▶ YOUR TASK
Transcribe the data that follows, exactly and in full.
***** GIVEN DATA *****
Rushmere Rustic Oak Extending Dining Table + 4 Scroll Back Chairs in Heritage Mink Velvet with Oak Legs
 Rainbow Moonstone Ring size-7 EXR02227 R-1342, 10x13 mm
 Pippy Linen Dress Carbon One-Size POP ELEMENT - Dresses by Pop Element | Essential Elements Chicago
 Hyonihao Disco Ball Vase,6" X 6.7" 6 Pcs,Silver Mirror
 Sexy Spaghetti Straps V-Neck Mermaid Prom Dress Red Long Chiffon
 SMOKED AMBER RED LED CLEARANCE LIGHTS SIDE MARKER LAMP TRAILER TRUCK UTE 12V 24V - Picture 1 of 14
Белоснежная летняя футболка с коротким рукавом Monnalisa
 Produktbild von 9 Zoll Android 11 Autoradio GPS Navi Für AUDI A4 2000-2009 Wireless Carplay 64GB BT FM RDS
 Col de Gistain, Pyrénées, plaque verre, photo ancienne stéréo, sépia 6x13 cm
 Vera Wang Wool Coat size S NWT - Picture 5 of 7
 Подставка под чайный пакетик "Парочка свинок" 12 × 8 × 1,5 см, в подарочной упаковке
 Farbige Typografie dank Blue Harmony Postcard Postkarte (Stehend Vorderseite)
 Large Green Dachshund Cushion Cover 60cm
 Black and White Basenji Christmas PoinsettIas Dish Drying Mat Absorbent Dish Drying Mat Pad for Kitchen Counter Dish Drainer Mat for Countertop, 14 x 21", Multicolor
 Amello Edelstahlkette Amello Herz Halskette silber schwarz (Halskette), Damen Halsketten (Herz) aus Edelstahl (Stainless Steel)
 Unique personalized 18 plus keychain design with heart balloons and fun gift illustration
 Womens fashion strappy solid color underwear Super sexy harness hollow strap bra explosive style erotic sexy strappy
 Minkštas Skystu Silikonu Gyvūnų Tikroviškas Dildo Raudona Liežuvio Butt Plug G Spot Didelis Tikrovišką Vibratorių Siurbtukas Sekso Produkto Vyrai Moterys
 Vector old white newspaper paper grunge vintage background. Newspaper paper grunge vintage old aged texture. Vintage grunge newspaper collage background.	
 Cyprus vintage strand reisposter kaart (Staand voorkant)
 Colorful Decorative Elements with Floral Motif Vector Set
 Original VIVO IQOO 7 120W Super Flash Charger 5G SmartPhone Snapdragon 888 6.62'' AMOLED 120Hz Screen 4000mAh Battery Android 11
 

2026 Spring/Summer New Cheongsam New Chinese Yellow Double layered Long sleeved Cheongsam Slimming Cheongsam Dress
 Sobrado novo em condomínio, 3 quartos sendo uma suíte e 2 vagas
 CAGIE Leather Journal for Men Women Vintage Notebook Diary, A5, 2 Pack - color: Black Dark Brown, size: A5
*****
▶ PROBLEM SOLUTION
Rushmere Rustic Oak Extending Dining Table + 4 Scroll Back Chairs in Heritage Mink Velvet with Oak Legs
 Rainbow Moonstone Ring size-7 EXR02227 R-1342, 10x13 mm
 Pippy Linen Dress Carbon One-Size POP ELEMENT - Dresses by Pop Element | Essential Elements Chicago
 Hyonihao Disco Ball Vase,6" X 6.7" 6 Pcs,Silver Mirror
 Sexy Spaghetti Straps V-Neck Mermaid Prom Dress Red Long Chiffon
 SMOKED AMBER RED LED CLEARANCE LIGHTS SIDE MARKER LAMP TRAILER TRUCK UTE 12V 24V - Picture 1 of 14
Белоснежная летняя футболка с коротким рукавом Monnalisa
 Produktbild von 9 Zoll Android 11 Autoradio GPS Navi Für AUDI A4 2000-2009 Wireless Carplay 64GB BT FM RDS
 Col de Gistain, Pyrénées, plaque verre, photo ancienne stéréo, sépia 6x13 cm
 Vera Wang Wool Coat size S NWT - Picture 5 of 7
 Подставка под чайный пакетик "Парочка свинок" 12 × 8 × 1,5 см, в подарочной упаковке
 Farbige Typografie dank Blue Harmony Postcard Postkarte (Stehend Vorderseite)
 Large Green Dachshund Cushion Cover 60cm
 Black and White Basenji Christmas PoinsettIas Dish Drying Mat Absorbent Dish Drying Mat Pad for Kitchen Counter Dish Drainer Mat for Countertop, 14 x 21", Multicolor
 Amello Edelstahlkette Amello Herz Halskette silber schwarz (Halskette), Damen Halsketten (Herz) aus Edelstahl (Stainless Steel)
 Unique personalized 18 plus keychain design with heart balloons and fun gift illustration
 Womens fashion strappy solid color underwear Super sexy harness hollow strap bra explosive style erotic sexy strappy
 Minkštas Skystu Silikonu Gyvūnų Tikroviškas Dildo Raudona Liežuvio Butt Plug G Spot Didelis Tikrovišką Vibratorių Siurbtukas Sekso Produkto Vyrai Moterys
 Vector old white newspaper paper grunge vintage background. Newspaper paper grunge vintage old aged texture. Vintage grunge newspaper collage background.	
 Cyprus vintage strand reisposter kaart (Staand voorkant)
 Colorful Decorative Elements with Floral Motif Vector Set
 Original VIVO IQOO 7 120W Super Flash Charger 5G SmartPhone Snapdragon 888 6.62'' AMOLED 120Hz Screen 4000mAh Battery Android 11
 

2026 Spring/Summer New Cheongsam New Chinese Yellow Double layered Long sleeved Cheongsam Slimming Cheongsam Dress
 Sobrado novo em condomínio, 3 quartos sendo uma suíte e 2 vagas
 CAGIE Leather Journal for Men Women Vintage Notebook Diary, A5, 2 Pack - color: Black Dark Brown, size: A5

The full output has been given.